However, the curiosity as to what a grain of Salt on a Blade means is still to be looked upon from the Khasi tradition. What can be seen is that it is not a mere ritual, but it’s a summons. So, in the Khasi moral universe to lick Salt from a Blade is to bind oneself to a promise that must outlast convenience, outlive danger and outshine power. Deducing the concept, what can be derived is that Salt in its original nature portrays preservation and the Blade of-course power and protection and together they form a covenant of trust, an oath of fidelity that nourishes the body while reminding the soul of its duty. This act of setting the covenant offers us more than a symbol of the past; it opens up an understanding and the lens through which we can grasp the notion why people went to war not because they hated peace, but because the sacred covenant had been shattered and betrayed.
Therefore, to simply put it, the Khasi oath of licking Salt from the Blade takes the ancient grammar and gives it a local accent. As you can see, Salt symbolises not merely a preservative or the ingredient for taste but actually the condiment of trust and the flavour of shared existence. The Blade is not just an instrument of war, but it symbolises the duty to protect oneself, one’s family and one’s community. It also carries a double meaning which speaks of the capacity to defend and the discipline of knowing when and why to fight and when Salt is placed upon it and licked, it creates an unmistakable message, a life-sustaining bond and an absolute duty to defend.
In the Khasi tradition this covenant doesn’t fit into the dictionary of simplicism and was never taken lightly and betrayal was not forgiven easily. Having discussed the integrity of the Salt and the Blade, what can be deduced is that precisely the Anglo-Khasi war of 1829-1833 was not a mere tribal uprising as it is usually understood, but it was more than that.
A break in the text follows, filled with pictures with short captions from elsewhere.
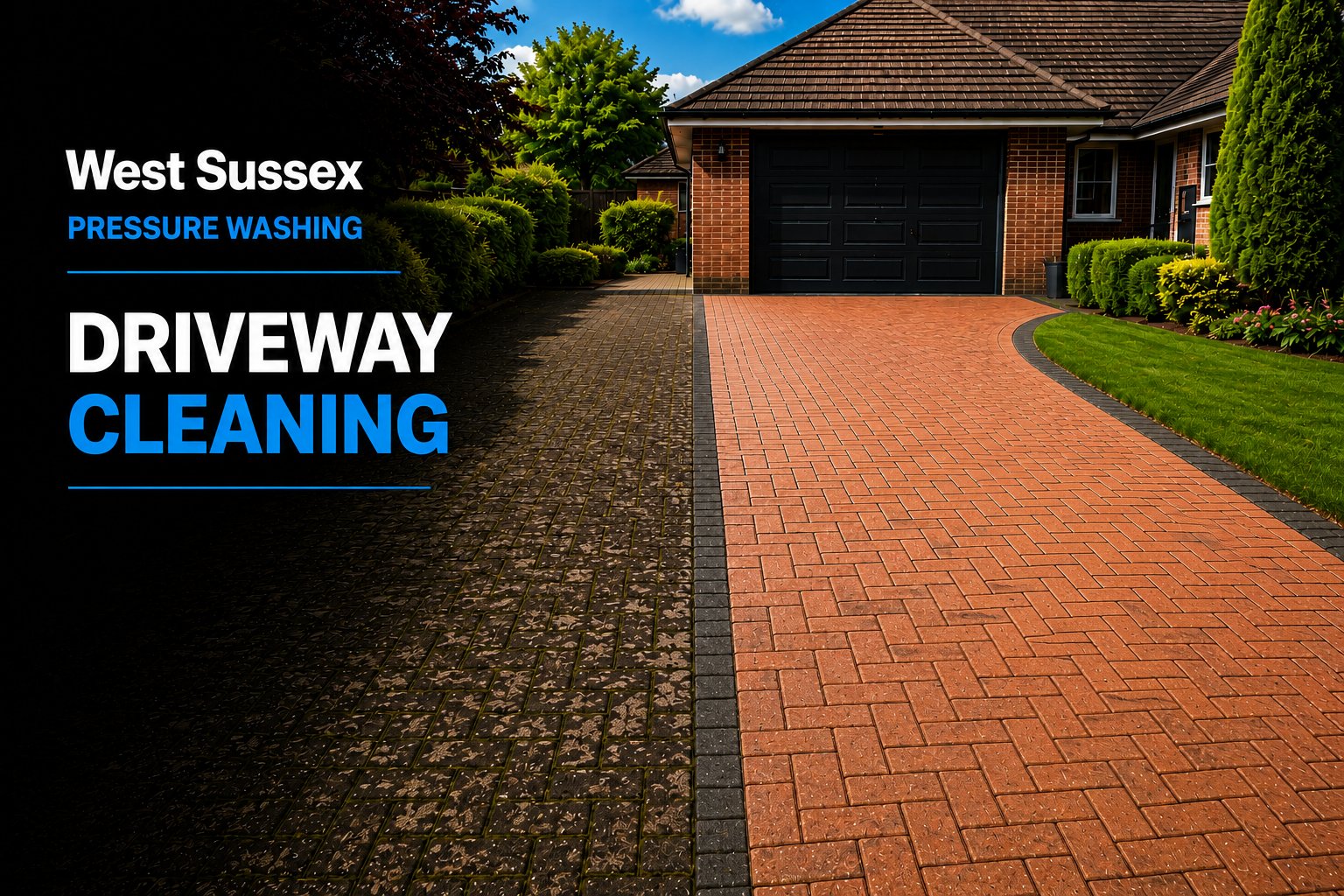 Example of a pressure-washed paved driveway in West Sussex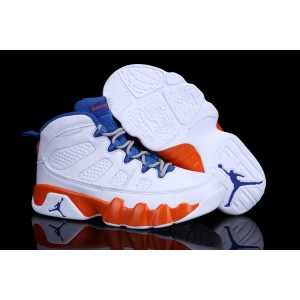 basket jordan 9 enfant blanc orange bleu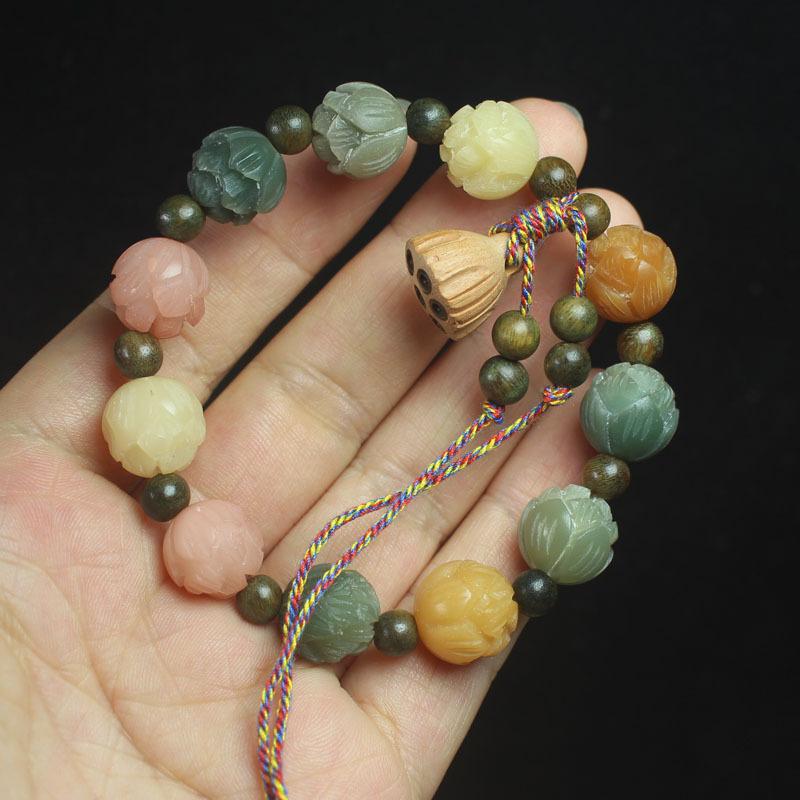 White Jade Bodhi Lotus Bracelet, Lucky Flower Buddhist Prayer Beads, Women’s Wrist Jewelry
The conflict started with a Bridle path which the colonists wanted to build to connect Kamrup, Nongkhlaw and Pandua in Sylhet, as it appears to the colonists this was a commercial arrangement for passage but for the Khasis this was not—it was a covenant between political equals sealed with the gravity of Salt and Blade.
What can be understood is that the Bridle path was not meant to be a corridor for the colonists; it was meant to be a shared path governed by mutual respect. However, in due course that covenant curdled into domination and suppression and in the simple eyes of the Khasis this was the distortion of the sacred trust which as said earlier was not to be easily forgiven. The breaking of the covenant was not just a diplomatic technicality but it was a moral wound.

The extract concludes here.